For now, my closest people live under the same roof, and it’s an indescribable privilege to watch two of them come into their own stories with the help of the volumes on our shelves. The books we own, to borrow the words of Anne Shirley Blythe, are friends. Trusted ones. They’ve served as kindling for conversations on difficult topics, and guided us to vistas of beauty that we’d never have glimpsed otherwise. The act of sharing stories like these has given us roots and anchors for our discussions and play.

It also gives rise to creative courage, I notice. Whenever I participate in my daughters’ play, even in the slightest of ways — “I’m Mary and she’s Laura and you’re Ma, Mommy! Bye; we’re off to school!” “Bye! Don’t forget your lunches!” — the receptive imagination blooms all the more quickly into the expressive imagination. They draw. They dance. They dream up sequels to books that ended far too soon. Small hands dish up Lincoln Log pasta and take up purse-strap reins to ride off into the sunset on Black Beauty, our faithful piano bench; nothing is safe from the honor and peril of being woven into a tale.

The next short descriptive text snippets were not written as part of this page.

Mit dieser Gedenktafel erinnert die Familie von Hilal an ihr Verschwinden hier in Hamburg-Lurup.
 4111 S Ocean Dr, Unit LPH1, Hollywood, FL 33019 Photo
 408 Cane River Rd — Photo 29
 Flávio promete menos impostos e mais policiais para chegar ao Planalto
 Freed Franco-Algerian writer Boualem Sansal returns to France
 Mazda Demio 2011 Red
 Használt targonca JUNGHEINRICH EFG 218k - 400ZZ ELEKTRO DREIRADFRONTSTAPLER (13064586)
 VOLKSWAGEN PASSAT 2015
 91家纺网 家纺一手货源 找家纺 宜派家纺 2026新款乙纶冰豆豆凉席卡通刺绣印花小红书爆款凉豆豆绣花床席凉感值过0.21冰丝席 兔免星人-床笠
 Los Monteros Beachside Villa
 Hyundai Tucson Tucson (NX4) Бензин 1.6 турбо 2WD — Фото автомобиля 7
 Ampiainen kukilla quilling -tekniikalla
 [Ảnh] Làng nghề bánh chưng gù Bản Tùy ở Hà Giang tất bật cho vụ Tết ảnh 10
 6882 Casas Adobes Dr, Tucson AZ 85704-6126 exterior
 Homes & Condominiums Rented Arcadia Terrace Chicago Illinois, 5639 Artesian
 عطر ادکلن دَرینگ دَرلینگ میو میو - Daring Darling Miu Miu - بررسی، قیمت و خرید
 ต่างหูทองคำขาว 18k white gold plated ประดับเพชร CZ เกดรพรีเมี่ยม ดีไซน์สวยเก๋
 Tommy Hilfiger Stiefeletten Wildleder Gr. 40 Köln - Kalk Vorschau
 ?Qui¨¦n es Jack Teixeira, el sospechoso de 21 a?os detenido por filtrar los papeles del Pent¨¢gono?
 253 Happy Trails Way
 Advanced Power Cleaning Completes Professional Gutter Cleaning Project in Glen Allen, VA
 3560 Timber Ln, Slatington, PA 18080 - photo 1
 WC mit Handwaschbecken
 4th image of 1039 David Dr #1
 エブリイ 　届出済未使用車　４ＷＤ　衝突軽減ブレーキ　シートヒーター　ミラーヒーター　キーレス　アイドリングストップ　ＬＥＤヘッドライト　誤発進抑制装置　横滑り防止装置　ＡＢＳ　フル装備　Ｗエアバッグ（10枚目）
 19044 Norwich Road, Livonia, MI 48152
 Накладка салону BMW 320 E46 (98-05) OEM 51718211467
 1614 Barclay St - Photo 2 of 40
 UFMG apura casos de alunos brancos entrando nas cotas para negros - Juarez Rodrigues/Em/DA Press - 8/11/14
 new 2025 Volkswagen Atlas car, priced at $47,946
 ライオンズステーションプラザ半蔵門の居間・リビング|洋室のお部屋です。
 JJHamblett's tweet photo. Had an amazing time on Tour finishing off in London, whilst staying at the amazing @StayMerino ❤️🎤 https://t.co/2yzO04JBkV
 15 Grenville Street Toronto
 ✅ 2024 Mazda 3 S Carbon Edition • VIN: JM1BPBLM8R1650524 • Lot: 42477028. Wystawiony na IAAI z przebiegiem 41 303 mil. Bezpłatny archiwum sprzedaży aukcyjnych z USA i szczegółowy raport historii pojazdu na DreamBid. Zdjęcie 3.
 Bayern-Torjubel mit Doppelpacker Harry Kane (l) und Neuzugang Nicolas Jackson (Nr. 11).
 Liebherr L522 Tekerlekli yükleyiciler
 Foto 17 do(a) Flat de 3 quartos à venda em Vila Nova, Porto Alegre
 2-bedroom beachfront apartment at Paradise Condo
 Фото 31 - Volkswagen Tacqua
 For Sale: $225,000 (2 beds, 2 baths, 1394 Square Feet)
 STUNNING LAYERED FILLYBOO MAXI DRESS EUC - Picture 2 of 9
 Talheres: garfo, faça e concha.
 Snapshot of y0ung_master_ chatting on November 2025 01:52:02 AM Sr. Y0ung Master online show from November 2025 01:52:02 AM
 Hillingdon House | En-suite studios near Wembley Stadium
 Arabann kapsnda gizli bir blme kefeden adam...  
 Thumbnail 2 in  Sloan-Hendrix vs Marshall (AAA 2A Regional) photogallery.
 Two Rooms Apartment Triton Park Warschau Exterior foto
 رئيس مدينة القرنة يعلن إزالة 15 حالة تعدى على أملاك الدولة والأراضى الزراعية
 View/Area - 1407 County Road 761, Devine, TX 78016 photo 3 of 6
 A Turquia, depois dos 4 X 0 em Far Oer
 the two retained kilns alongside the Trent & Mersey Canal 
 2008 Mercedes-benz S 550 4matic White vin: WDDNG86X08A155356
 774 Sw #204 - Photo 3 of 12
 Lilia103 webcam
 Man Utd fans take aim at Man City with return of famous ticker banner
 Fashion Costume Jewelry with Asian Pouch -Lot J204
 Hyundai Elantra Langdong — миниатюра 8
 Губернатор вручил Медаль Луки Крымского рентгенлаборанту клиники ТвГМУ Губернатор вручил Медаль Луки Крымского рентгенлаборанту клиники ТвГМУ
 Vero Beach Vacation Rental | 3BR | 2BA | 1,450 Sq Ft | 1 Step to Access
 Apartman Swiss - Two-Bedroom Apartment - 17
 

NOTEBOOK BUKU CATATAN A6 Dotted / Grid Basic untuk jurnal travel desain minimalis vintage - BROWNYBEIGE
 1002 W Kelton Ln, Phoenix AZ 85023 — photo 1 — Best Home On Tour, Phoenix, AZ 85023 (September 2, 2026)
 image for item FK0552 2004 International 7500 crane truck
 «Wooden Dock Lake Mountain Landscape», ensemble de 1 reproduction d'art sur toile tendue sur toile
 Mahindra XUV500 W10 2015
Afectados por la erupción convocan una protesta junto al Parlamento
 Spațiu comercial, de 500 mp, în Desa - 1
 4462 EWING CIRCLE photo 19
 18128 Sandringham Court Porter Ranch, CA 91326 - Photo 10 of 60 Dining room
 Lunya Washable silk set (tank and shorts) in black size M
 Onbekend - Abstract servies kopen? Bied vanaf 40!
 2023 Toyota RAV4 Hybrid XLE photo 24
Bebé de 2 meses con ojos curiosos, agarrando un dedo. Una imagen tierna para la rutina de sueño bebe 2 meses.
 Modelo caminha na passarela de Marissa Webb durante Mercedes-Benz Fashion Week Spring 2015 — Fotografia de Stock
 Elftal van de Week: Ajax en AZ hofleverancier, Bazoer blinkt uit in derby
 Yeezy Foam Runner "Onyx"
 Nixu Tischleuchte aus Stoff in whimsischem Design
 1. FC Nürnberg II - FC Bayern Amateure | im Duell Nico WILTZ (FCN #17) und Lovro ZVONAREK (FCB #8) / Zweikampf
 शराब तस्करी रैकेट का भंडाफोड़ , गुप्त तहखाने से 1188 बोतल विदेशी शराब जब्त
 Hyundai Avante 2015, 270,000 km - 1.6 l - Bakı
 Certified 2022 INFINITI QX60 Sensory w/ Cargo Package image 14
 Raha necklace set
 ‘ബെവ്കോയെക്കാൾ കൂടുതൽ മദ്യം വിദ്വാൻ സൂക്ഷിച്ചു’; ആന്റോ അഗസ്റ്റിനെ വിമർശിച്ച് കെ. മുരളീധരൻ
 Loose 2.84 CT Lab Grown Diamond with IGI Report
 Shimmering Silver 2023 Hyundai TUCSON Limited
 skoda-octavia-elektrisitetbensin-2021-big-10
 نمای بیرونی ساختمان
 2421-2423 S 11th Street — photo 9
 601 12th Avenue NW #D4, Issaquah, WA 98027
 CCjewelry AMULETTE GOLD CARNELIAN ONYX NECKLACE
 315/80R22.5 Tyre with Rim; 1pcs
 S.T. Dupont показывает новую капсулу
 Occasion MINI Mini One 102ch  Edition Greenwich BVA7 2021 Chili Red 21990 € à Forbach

As their parents, we do what we can to encourage these revels, partly because we benefit from secondhand exposure to so much joy, and partly because we hope that, someday, our children will recognize just how deeply their own lives are intertwined with the great eucatastrophic Story.i Someday they will know what the imagination at its height is meant to be: “the presence of the spirit of God,”ii the faculty that sharpens our vision on the dim looking-glass of these days. The sense that enables us to constantly pierce through to and be pierced by deeper realities.

To that end, we’re making room for the imagination in our home through story. We’re pushing soft chairs together to form fishing boats, making whooshing sounds and toggling the light switch like mad so that our preschooler will remember the commanding peace of The Captain of the Storm.iii We’re relating episodes from our own childhoods over the dinner table and listening to The Voyage of the Dawn Treader during chore time. In this chapter of our lives, it’s not always easy for me to remember to treat the imagination as a priority, but it still grows well in the million tiny words scattered throughout the house — a million glimmers of honesty and wonder that pool together to help us reflect on the fullness of God.

i Eucatastrophe: “the sudden joyous ‘turn’” in fairy-story; for a more complete explanation, see J.R.R. Tolkien’s “On Fairy-Stories.”

ii George MacDonald, “The Imagination: Its Function and its Culture,” www.george-macdonald.com/etexts/the_imagination.html

iii Sally Lloyd Jones, The Jesus Storybook Bible.